Remembering the Fitzgerald

Marilynn Peterson first saw a broadcast about the sinking of the SS Edmund Fitzgerald on the nightly news.

Marilynn Peterson first saw a broadcast about the sinking of the SS Edmund Fitzgerald on the nightly news.

“We were watching TV…and I said, ‘oh my God, is that my dad’s boat?’ A few minutes later the phone rang. It was my aunt calling,” she recalled.

Her aunt told her that the Fitzgerald had sunk and her father, a crewmember, was missing. Peterson said that she and and her husband drove to the home of her mother in Silver Bay and stayed awake all night, waiting for news.

“I just kept thinking they were going to find survivors,” she said.

They never did. All 29 crewmembers on the Edmund Fitzgerald, including her father Nolan Church, died when the ship sank on Nov. 10, 1975.

Almost 40 years later, the legend of the Fitzgerald lives on. Gordon Lightfoot, a Canadian singer-songwriter, firmly established its place in the annals of music history with his ballad, “The Wreck of the Edmund Fitzgerald,” released just a year after the ship sank. Since then, many books, documentaries and even musicals have been produced about the wreck. An event commemorating the Fitzgerald and its casualties at Split Rock Lighthouse still draws a thousand or so visitors to the shores of Lake Superior each November.

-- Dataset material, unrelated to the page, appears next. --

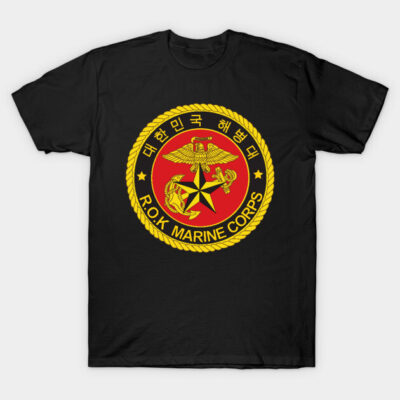 Black t-shirt featuring R.O.K. Marine Corps emblem, red and yellow design, casual wear, cotton material.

“(The wreck) has all the earmarks of a Hollywood movie,” explained Thom Holden, director of Lake Superior Maritime Visitor’s Center in Canal Park which has an exhibit about the Fitzgerald. The story is steeped in mystery: the Coast Guard investigated the wreck but found no definitive answers to why the ship sank and “no one lived to tell the tale,” he added.

The ship departed from Superior, Wis. with a full load of taconite ore pellets. It was headed to Detroit when it got caught in a November storm with 30-foot waves and hurricane-force winds. It began taking on water and sank in the Canadian waters of Lake Superior without sending distress signals.

“The Coast Guard said it sank because it lost buoyancy…how it got to that point is the question,” Holden said.

Many questions remain unanswered, but the tragedy led to stricter Great Lakes shipping regulations. To date, it remains the largest freighter to have sunk in Lake Superior.

Peterson’s father worked at Reserve Mining Co. in Silver Bay before taking his job as a porter on the Fitzgerald.

“He’d see those boats come in, and he really thought it’d be fun,” she said. Her mother worried that it was a dangerous job, but Church assured her that the ship was too big to be unsafe in the water. He was 55 when the Fitzgerald sank.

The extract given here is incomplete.